▶ **WORK REQUEST**
Copy out the whole listing exactly as given. Skip the pictures.

▶ **DATA SECTION**

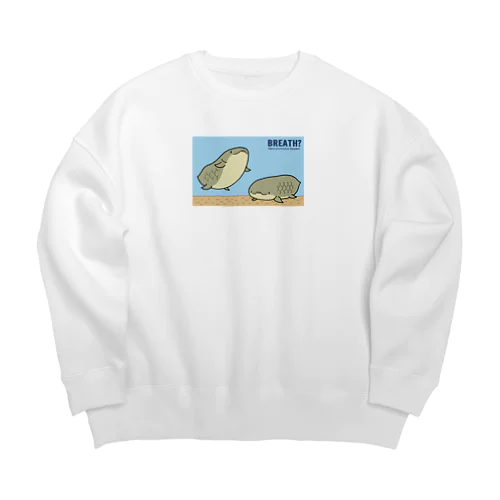 ネオケラくん Big Crew Neck Sweatshirt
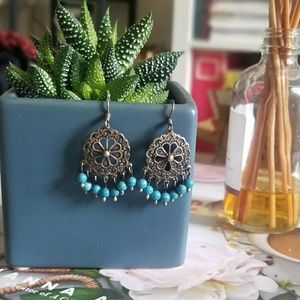 2 for $12 - Boho Chandelier Earrings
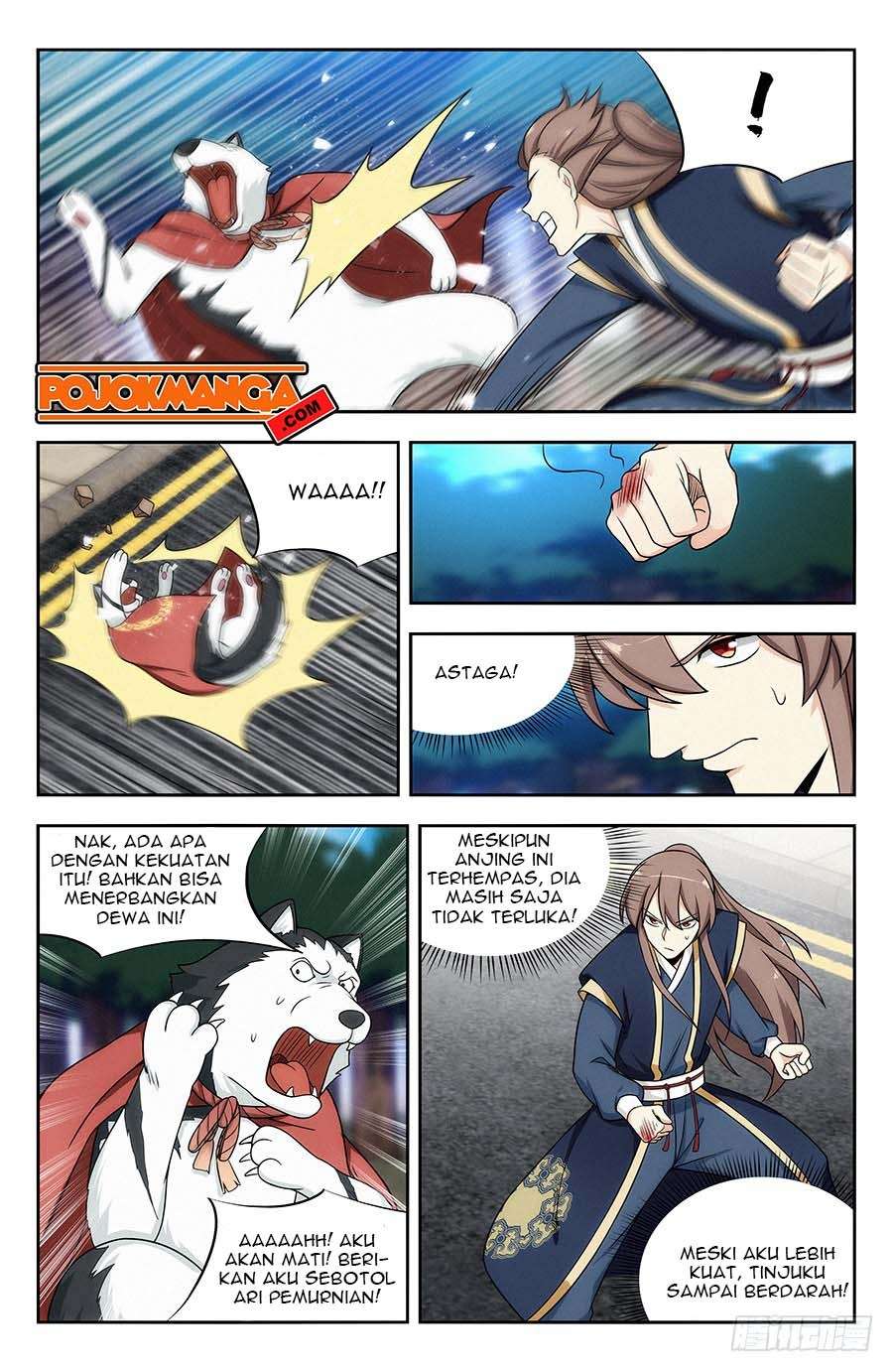 Strongest Anti M.E.T.A Chapter 120 - halaman 4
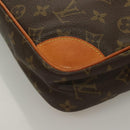 LOUIS VUITTON Monogram Compiegne 28 Clutch Bag M51845 LV Auth 128343-16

▶ **TASK RESPONSE**
 ネオケラくん Big Crew Neck Sweatshirt
 2 for $12 - Boho Chandelier Earrings
 Strongest Anti M.E.T.A Chapter 120 - halaman 4
 LOUIS VUITTON Monogram Compiegne 28 Clutch Bag M51845 LV Auth 128343-16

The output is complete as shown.